- [What to produce]:
Please set down only the lines below starting with the line with "Louis Vuitton Alma" and going on through the line with "NB-4L Battery for", verbatim and without pictures.

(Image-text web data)
== Segment start ==
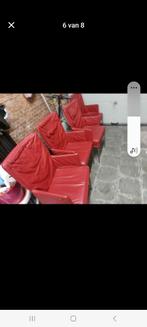 Stoelen leder stoelen 4x stoel, Huis en Inrichting, Stoelen, Ophalen, Gebruikt, Leer, Vier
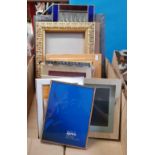 THREE CARTONS OF MIXED METALWARD, INCLUDING COPPER WASHING DOLLY HEAD, BRASS TRAYS, A CAT CD RACK,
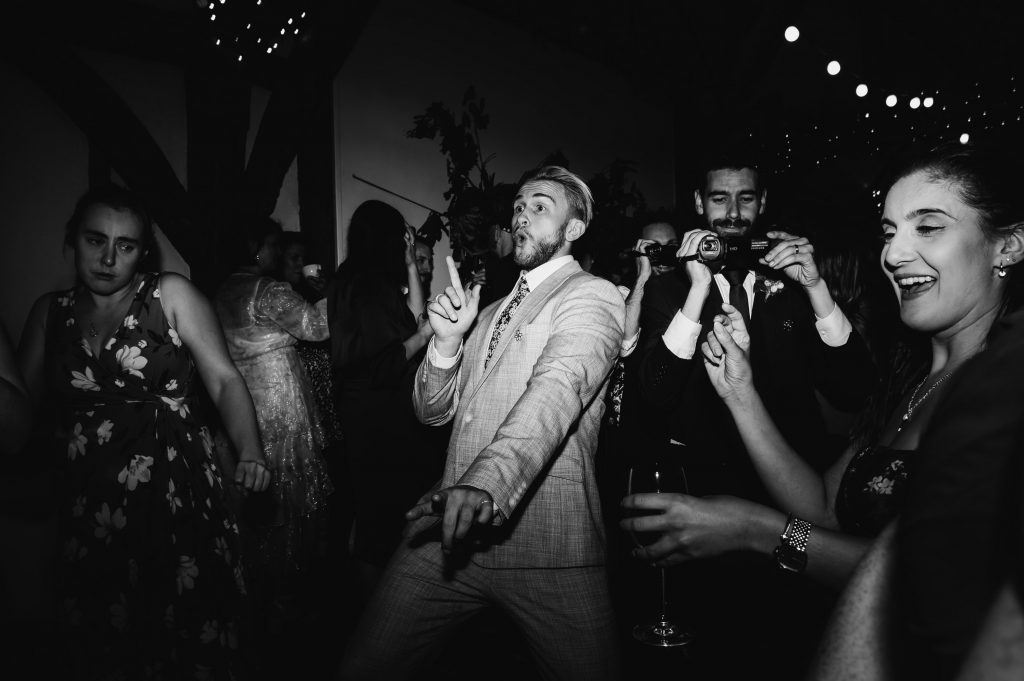 Fun Wedding Guest Dance Floor Photography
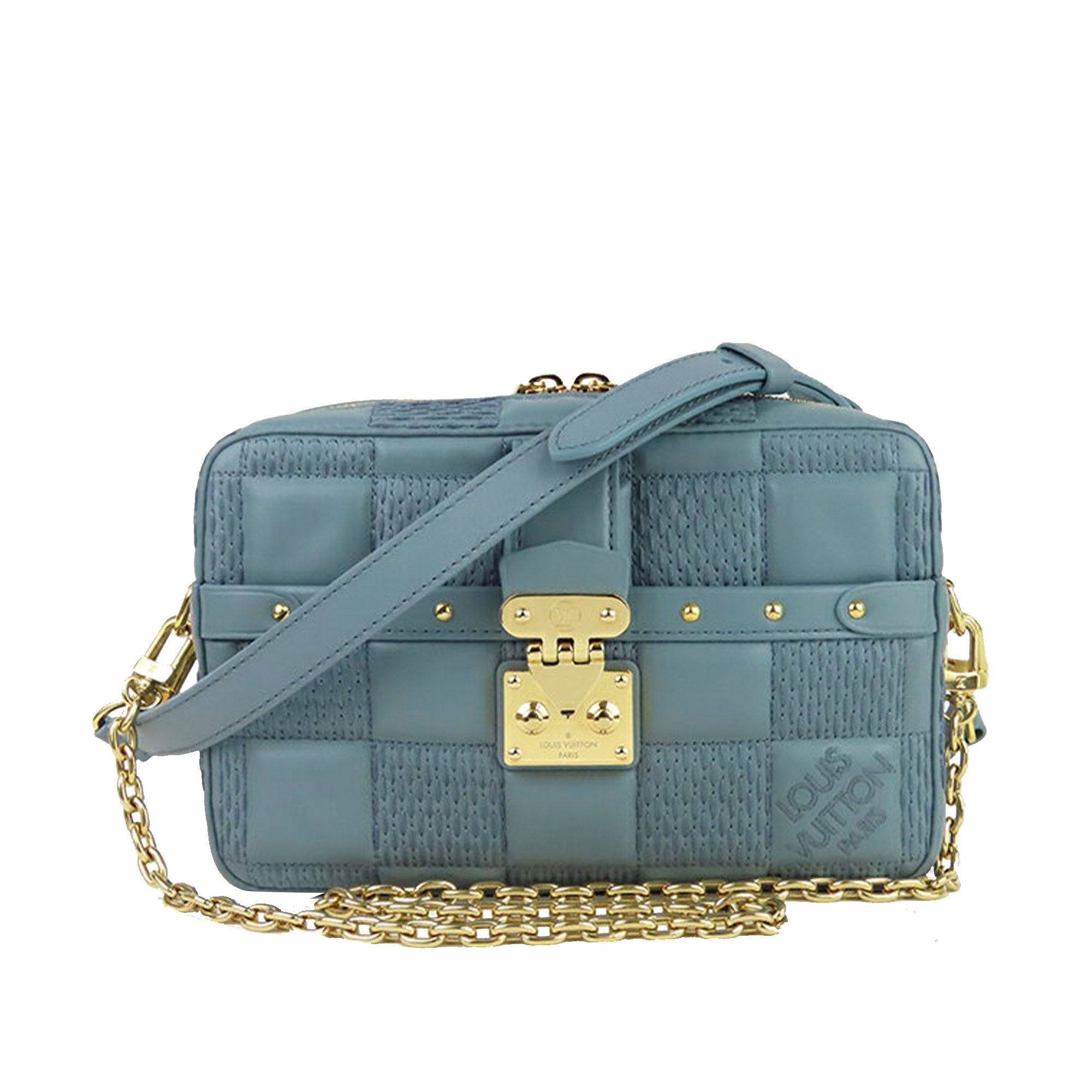 Louis Vuitton Alma BB Quilted Blue Glacier in Calfskin Leather with  Gold-tone - US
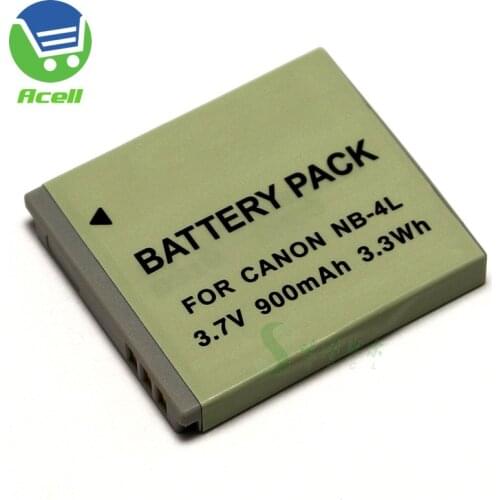 NB-4L Battery for Canon LEGRIA mini IXUS 115 117 220 230 255 HS PowerShot SD940 SD960 SD780 SD1100 SD1400 IS VIXIA mini Camera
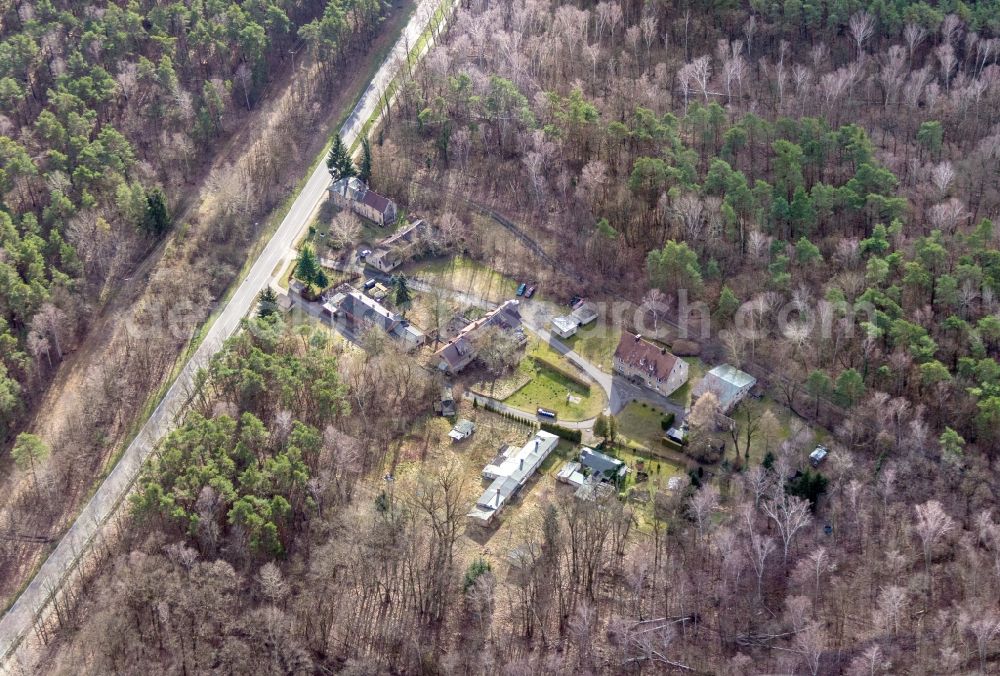 Aerial photograph Uebigau-Wahrenbrück - Village view in Uebigau-Wahrenbrueck in the state Brandenburg, Germany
== Segment end ==
- [Answer section]:
 Louis Vuitton Alma BB Quilted Blue Glacier in Calfskin Leather with  Gold-tone - US
 NB-4L Battery for Canon LEGRIA mini IXUS 115 117 220 230 255 HS PowerShot SD940 SD960 SD780 SD1100 SD1400 IS VIXIA mini Camera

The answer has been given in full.